Emerging market countries account for almost 80% of the world’s population, 60% of global GDP and the majority of its incremental growth*. They also have favourable demographics - younger populations that are likely to be at the forefront of internet-driven transformation within various industries.
But despite such a strong economic backdrop, their investment performance over the past decade has been somewhat mediocre. Emerging markets have returned 80.3% - roughly a third of the 226.9% returns posted by developed markets**.
Aikya Investment Management points out that emerging markets are called emerging for a reason. While the promise of future growth is attractive, these markets suffer from various macroeconomic vulnerabilities, governance challenges and weak institutional structures.
Their economies also tend to be more reliant on the manufacturing and resources sectors, which make them inherently more cyclical when compared to developed market economies that are more driven by domestically orientated services.
But does that cyclicality mean that emerging markets are poised to benefit from the world re-opening?
Nick Price, fund manager at Fidelity, commented: “Emerging markets have evolved, but commodities continue to play an important role in many of those economies. Supply constraints are now joined by huge stimulus and a transition to a cleaner, greener economy, driving demand up and lending support to commodity prices.
“Emerging markets continue to trade at a wide price-to-book discount to developed markets, and investor positioning is light, suggesting there may be less risk of a large correction if the optimism over vaccination programmes proves premature. As the market starts to consider a more reflationary backdrop and commodity demand rises further, ‘cheaper’, more cyclical emerging stocks are likely to benefit, particularly those in emerging Europe and Latin America.”
Indeed, Central European markets were some of the strongest performers across emerging markets in May, according to Barings, with Hungary (16.0%), Poland (13.7%) and the Czech Republic (10.6%) all posting double-digit returns. Russia equities also rose 9.5%, supported by rising oil prices and a strengthening ruble***.
Latin American equities also rallied in May, ending the period as the strongest performing region across emerging markets. Peru (10.5%) was one of the best performers, followed closely by Brazil (9.6%), where rising commodity prices and an improving global growth outlook helped boost equity markets***.
As previously stated, emerging markets can be volatile. Rising inflation is another key risk (and the potential for rising interest rates) and it has accelerated in the US in recent months.

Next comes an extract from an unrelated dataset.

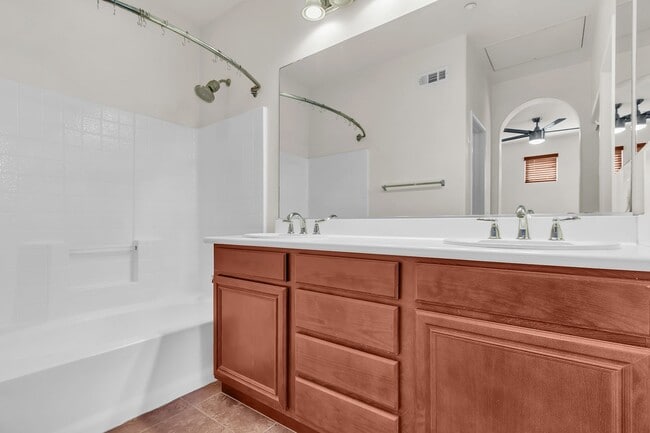 Building Photo - 31163 Lavender Ct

But the team at Alquity believe it is quite unlikely that the currency spike will force the US central bank to make an abrupt U-turn on its policy commitments. “Ultra-loose monetary conditions in the US should persist for years – even after the start of tapering – supporting the appetite for riskier assets – of which emerging markets will be a prime beneficiary,” they said.
“The favourable tailwinds for emerging markets have only strengthened in recent months – both from a global and a regional perspective. For the first time in a while, there is a strong investment case for all parts of emerging markets– Asia, India and the commodity dependent areas of Latin America, Middle East and Africa.”
Investors thinking of allocating money to emerging markets could consider the following funds:
1. Aubrey Global Emerging Markets Opportunities
On the Chelsea Selection, preferred areas of investment for this fund include the travel, education, healthcare and e-commerce sectors, and there is a focus on firms which either have dominant or first-mover advantage.
2. RWC Global Emerging Markets
The manager of this Core Selection fund analyses the economic and political backdrop before looking for companies trading on reasonable valuations but tapped into key long-term themes or trends.
3. FSSA Global Emerging Markets Focus
This fund invests in 40-45 large and medium-sized firms. The manager has an absolute return mindset and looks for quality companies that can demonstrate sustained and predictable growth over the long-term.
4. Magna Emerging Markets Dividend
This fund offers exposure to emerging market companies that pay higher-than-average dividends. This results in a slightly lower risk profile than peers and an attractive yield, which may appeal to income investors.
5. Federated Hermes Emerging Markets SMID Equity
The small and mid-cap opportunities in emerging markets are enormous, but also carry significant risk. The comprehensive process of this fund helps to manage the potential pitfalls.
*Source: Aikya research
**Source: FE fundinfo, total returns in sterling to 17 June 2021
***Source: Barings, Factset. as of May 31, 2021. Returns based on MSCI regional and country indexes in USD.
Past performance is not a reliable guide to future returns. You may not get back the amount originally invested, and tax rules can change over time. The views expressed are those of the spokespeople and author and do not constitute financial advice.